What the task asks: Would you write out all of the entries below, exactly as they stand?

Items from a data source
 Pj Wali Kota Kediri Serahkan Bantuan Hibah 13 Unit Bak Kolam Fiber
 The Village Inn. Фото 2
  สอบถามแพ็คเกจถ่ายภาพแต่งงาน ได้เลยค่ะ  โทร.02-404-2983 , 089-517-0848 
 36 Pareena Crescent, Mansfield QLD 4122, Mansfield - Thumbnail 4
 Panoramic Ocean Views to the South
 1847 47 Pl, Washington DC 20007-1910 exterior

Finished exercise:
 Pj Wali Kota Kediri Serahkan Bantuan Hibah 13 Unit Bak Kolam Fiber
 The Village Inn. Фото 2
  สอบถามแพ็คเกจถ่ายภาพแต่งงาน ได้เลยค่ะ  โทร.02-404-2983 , 089-517-0848 
 36 Pareena Crescent, Mansfield QLD 4122, Mansfield - Thumbnail 4
 Panoramic Ocean Views to the South
 1847 47 Pl, Washington DC 20007-1910 exterior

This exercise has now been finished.